What Would it Take to Overcome Exclusionary Barriers, and Promote More Affordable Options in All Neighborhoods?
What would it take to make new neighborhoods, and remake old ones, so that large, complex, metropolitan areas moved decisively toward racial and economic integration? What local and regional governance strategies could most effectively overcome barriers to these goals?
Today, we published four papers exploring these questions. The papers—an overview essay and case studies of Washington, DC, Houston, and Chicago—were presented at A Shared Future: Fostering Communities of Inclusion in an Era of Inequality, a symposium we hosted in April 2017. The four papers are:
Pathways to Inclusion: Contexts for Neighborhood Integration in Chicago, Houston, and Washington, by Rolf Pendall, who moderated this panel at our symposium, offers an overview of the major demographic changes that are transforming US housing markets and describes two distinct patterns of political geography that will affect local and regional decisionmaking about neighborhood inclusion. He begins by reporting that the population of the United States – particularly its metropolitan areas – is both growing and becoming more diverse by age, race and ethnicity, household composition, and income. He then describes the two principal patterns of political geography that affect decisionmaking about neighborhood inclusion: fragmentation of local governments (particularly in the Northeast and Midwest where control of land use is in the hands of many local governments) and polycentricity (particularly in the South and the West, where larger county governments have much more control over land uses). Fostering inclusion in both types of places is challenging. In the former regions, he notes, it tends to require state-level action. In the latter, the efforts often focus on school districts as well as school assignment zones within particularly large school districts. He concludes by showing the interplay between the national demographic trends and political geographies of the three case study regions.
University of Maryland
An Equitable Future for the Washington, DC Region?: A “Regionalism Light” Approach to Building, by Willow Lung-Amam, begins by noting that while that DC region is racially and economically diverse, it also is highly segregated and has some of the nation’s highest housing prices. Moreover, because it is politically fragmented, it has uneven patterns of development. Given this, Lung-Aman proposes a “regionalism-light” approach that focuses on the protection and production of affordable housing. In particular, she says four approaches should be the central part of any effort to break down barriers to housing inclusion in existing neighborhoods and build a strong platform for current and future residents to be a part of the region’s continued growth and prosperity: preserving existing affordable units through aggressive anti-displacement strategies; capturing land value to produce new affordable housing, especially near transit stations; increasing the density and diversity of suburban housing; and tackling the region’s stark east-west divide with fair-share policies.

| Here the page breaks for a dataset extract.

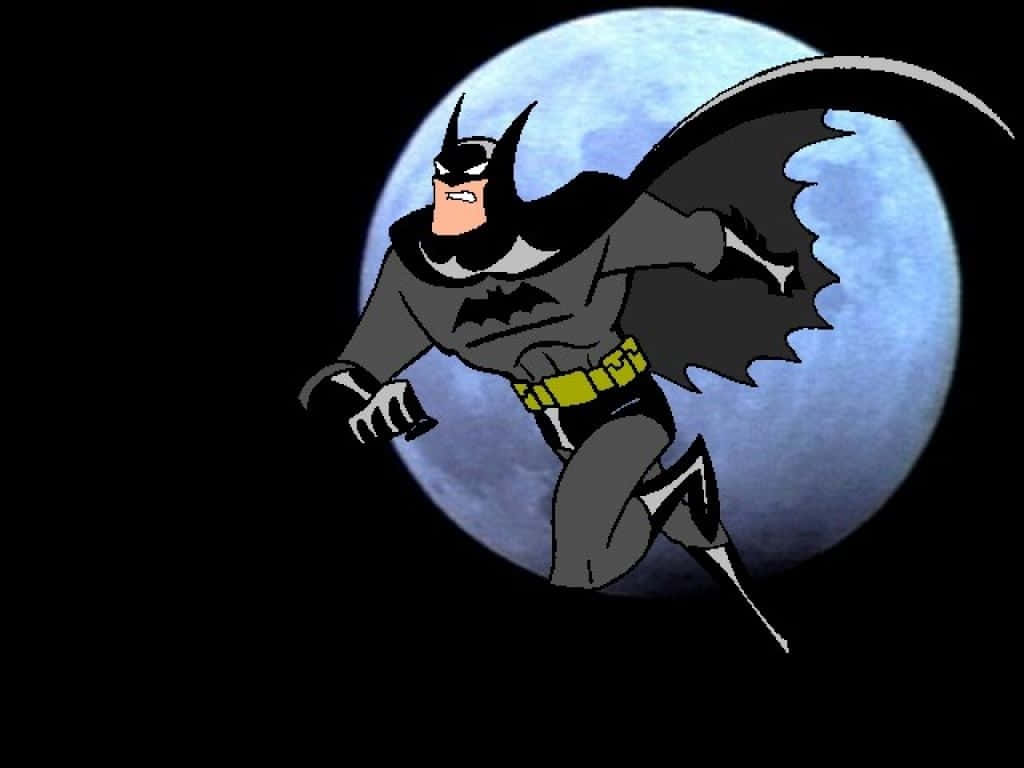 Batman Tableta Seria Animată Luna Fundal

Can a Market-Oriented City Also Be Inclusive?, by William Fulton, explains that while Houston has emerged in the last 30-plus years as one of the country’s most ethnically diverse and affordable cities, these measures mask significant amounts of inequality and disparity that are at least as bad as, and perhaps worse than, those in other metro areas. At first glance, he notes, Houston seems unable to address these challenges, largely because it has a reputation for being one of the nation’s most market-oriented cities for real estate development. However, he contends, the city has a unique and important opportunity to address these issues because it also has abundant amounts of vacant land, limited zoning regulations that could block the development of affordable housing, regulatory tools that could encourage such development, and a potentially useful but currently uncoordinated set of financial incentives for economic development and real estate development. Accomplishing this task, he explains, would require both a comprehensive citywide approach and targeted efforts in underserved neighborhoods threatened by gentrification. In particular, the following strategies are especially promising: aligning both economic development incentives and regulations with inclusiveness goals; using government and institutional landholdings to strategically to pursue those goals; and creating a broad and comprehensive approach to inclusiveness that includes both underserved and high-opportunity areas. He notes that while Houston has taken some steps in this direction, it has fallen short in others, particularly in efforts to bring affordable housing to high-opportunity areas.
(Please note that Fulton’s paper was completed before Hurricane Harvey caused extensive damage and displacement in Houston during August 2017.)
|Marisa Novara & Amy Khare,
Metropolitan Planning Council
Two Extremes of Residential Segregation: Chicago’s Separate Worlds & Policy Strategies for Integraion, by Marisa Novara and Amy Khare, argues that a movement is needed to rethink strategies for desgregation at the region’s two poles: concentrated poverty and concentrated wealth. The Chicago region, they note, ranks in the top quarter of all metros with regard to economic segregation and is in danger of becoming even more segregated by race and class. In areas suffering from disinvestment, Novara and Khare argue that carefully revised lending criteria and improved appraisal processes, along with other complimentary policies, could lead to increased investment. This, in turn, might create more integrated communities. In contrast, they note that political realities make it unlikely that the state will step in to override local land-use restrictions that stymie the development of affordable housing (as Massachusetts has done via a law passed in 1969). Given this situation, they suggest that Illinois instead draw on a different Massachusetts law that offers incentives to more affluent communities that zone for dense, mixed-income residential developments, particularly in locations well-served by transit.